At the Tech Femme event, undergraduate and postgraduate students were encouraged to to widen their perspective of the IT industry to break stereotypes and inject diversity into what is often perceived as a male-dominated field.
Based on diversity reports published by 11 of the world’s largest tech companies last year, on the average, women make up only 30% of professionals working in the technology sector.
While the industry continues to grow and attract millions of talent around the world, the ratio of female to male IT professionals has remained consistent.
“More companies and organizations have taken steps to create a more diverse workplace that is welcoming for women. Despite the low number of women opting to become IT professionals, those in the field are thriving and are leading the industry,” said Karrie-Ilagan, General Manager of Microsoft Philippines.
“There is great potential and there are many opportunities for women to succeed in the IT industry. The industry needs their insight and their talent in creating solutions. Microsoft believes that young women of today will be tomorrow’s leaders and we want them to be one of us.”

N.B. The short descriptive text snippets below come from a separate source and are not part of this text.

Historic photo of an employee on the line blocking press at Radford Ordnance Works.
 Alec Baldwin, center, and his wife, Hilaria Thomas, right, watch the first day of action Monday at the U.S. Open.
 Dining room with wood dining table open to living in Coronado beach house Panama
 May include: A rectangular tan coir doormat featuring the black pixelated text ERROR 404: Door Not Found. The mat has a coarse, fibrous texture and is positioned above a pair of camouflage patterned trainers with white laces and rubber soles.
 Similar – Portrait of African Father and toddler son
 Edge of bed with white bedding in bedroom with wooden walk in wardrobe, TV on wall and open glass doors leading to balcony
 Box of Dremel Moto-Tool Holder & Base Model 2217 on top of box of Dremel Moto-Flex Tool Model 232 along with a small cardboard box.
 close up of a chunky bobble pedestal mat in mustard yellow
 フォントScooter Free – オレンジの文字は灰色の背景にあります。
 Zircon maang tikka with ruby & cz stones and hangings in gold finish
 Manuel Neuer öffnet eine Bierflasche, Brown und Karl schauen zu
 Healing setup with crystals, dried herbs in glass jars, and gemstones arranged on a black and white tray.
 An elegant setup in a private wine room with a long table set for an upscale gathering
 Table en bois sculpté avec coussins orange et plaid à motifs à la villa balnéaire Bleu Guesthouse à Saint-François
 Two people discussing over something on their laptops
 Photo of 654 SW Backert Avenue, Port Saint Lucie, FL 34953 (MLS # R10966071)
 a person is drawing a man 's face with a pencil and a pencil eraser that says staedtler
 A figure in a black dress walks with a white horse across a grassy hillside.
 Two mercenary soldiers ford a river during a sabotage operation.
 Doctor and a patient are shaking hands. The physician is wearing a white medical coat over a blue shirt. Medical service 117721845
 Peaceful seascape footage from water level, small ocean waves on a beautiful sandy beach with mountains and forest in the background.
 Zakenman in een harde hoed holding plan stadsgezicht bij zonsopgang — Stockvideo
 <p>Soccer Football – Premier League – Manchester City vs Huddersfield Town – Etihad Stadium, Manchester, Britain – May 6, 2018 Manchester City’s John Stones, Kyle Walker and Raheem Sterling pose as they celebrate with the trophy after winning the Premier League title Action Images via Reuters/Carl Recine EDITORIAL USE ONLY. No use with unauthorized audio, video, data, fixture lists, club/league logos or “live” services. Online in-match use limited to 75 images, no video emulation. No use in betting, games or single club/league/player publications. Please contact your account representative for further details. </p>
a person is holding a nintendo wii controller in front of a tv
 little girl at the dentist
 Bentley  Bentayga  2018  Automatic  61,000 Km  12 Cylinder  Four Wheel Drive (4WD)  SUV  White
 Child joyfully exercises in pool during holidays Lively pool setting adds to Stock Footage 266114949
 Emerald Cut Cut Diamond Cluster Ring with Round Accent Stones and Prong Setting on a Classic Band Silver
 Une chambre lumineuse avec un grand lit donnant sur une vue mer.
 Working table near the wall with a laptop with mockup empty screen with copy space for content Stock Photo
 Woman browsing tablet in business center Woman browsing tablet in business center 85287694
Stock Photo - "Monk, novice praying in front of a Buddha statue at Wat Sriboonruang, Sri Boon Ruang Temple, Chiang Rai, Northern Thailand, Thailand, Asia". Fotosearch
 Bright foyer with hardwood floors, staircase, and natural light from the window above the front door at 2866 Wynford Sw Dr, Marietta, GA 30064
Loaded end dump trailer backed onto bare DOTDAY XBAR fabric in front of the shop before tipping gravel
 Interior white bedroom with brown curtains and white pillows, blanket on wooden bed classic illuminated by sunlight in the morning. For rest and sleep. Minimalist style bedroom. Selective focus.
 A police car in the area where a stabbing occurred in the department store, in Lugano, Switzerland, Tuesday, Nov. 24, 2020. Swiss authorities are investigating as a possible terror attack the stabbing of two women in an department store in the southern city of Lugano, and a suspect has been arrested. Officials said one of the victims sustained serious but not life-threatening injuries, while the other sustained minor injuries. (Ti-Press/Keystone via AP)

Tech Femme is a forum held throughout Asia Pacific. It brings together students and female IT leaders for a discussion with Microsoft on considering technology as a career path.
Participants learn from industry leaders from Microsoft, mobile retail marketing company ZAP, and local IT company VFTS-Technologies about the countless opportunities available in the field of technology and why women need to play a more significant role in the industry.
Globally, Microsoft has sparked early interest in technology among females by promoting the study of computer science in traditionally female schools and through programs like Girls Who Code.
As one of the founding partners, Microsoft hosted over 1,000 girls in their Redmond office for a seven-week computer science education program.